Monday, May 23, 2022

While the Snake Unfurls

Morning is busy, all these visitors, but then is not, and suddenly there is this quiet, so you write poems, trying to find a way to talk about the weather without using the words “gray,” “drizzle” or “cloud.”
 
Drummer Hoff, thank you - thank you for firing it off.
 
Ritual exchanges designed to expose our unhelpful reliance on commerce.
 
She asks will I visit Mexico and I say no, try to explain how travel is not my path, is actually the opposite of my path but she doesn’t understand, Mexico is so beautiful, the people so lovely.
 
Far hills obscured, kind of like the way good intentions don’t matter the way we think.
 
Imperfections on the moon I cannot see but know are there – did I really write that back in 2000?
 
Praying with all my heart, let me not hurt another person, nor another creature at all, nor even a blade of grass or falling leaf.
 
Rarely deleting but frequently rewriting, you can’t make a mistake is basically the art.
 
Night swimming.
 
You forgive everyone – every last oppressor, what a journey – and something still stands in the way of peace and you realize you have not forgiven yourself and then you see it: the actual journey and that which blocks your way and then you realize even shoelessness will not be enough.
 
I drank hard in my early twenties, fought a lot, got hurt a lot, did some stuff I wish I hadn’t done, but mostly I just sat in dark rooms upending bottles until I blacked out, it wasn't romantic, wasn't sexy, wasn't tragic, it was more like how a mouse frantically cleans itself while the snake unfurls.

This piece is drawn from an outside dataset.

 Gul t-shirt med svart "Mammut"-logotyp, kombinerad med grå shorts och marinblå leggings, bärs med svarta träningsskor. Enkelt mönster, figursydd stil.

Games we play at the behest of nature.
 
They took him in the garden, he had to be at least briefly frightened, knowing exactly what was going to happen next.
 
I remember my one dokusan, being confused at how angry Roshi seemed, I just wanted her to like me and  Buddhists seemed so nice.
 
This pressure now on the back of my neck, my throat narrower than I remember, each breath working harder than the last to find its way out of the body.
 
Please, no more language about how we’re all saints, all sinners.
 
Sunflowers fill the cosmos, my heart expands to say yes again.
 
Why did the United States fight a Civil War, how did that war begin, who won, what happened next, how confident are you in your answers?
 
Jasper wonders if I’ve bothered to reflect much on the image in terms of pornography, and I tell him no, it’s always been about intimacy in a different register than porn is meant to manage.
 
He died, he is still dying, and I am dying too.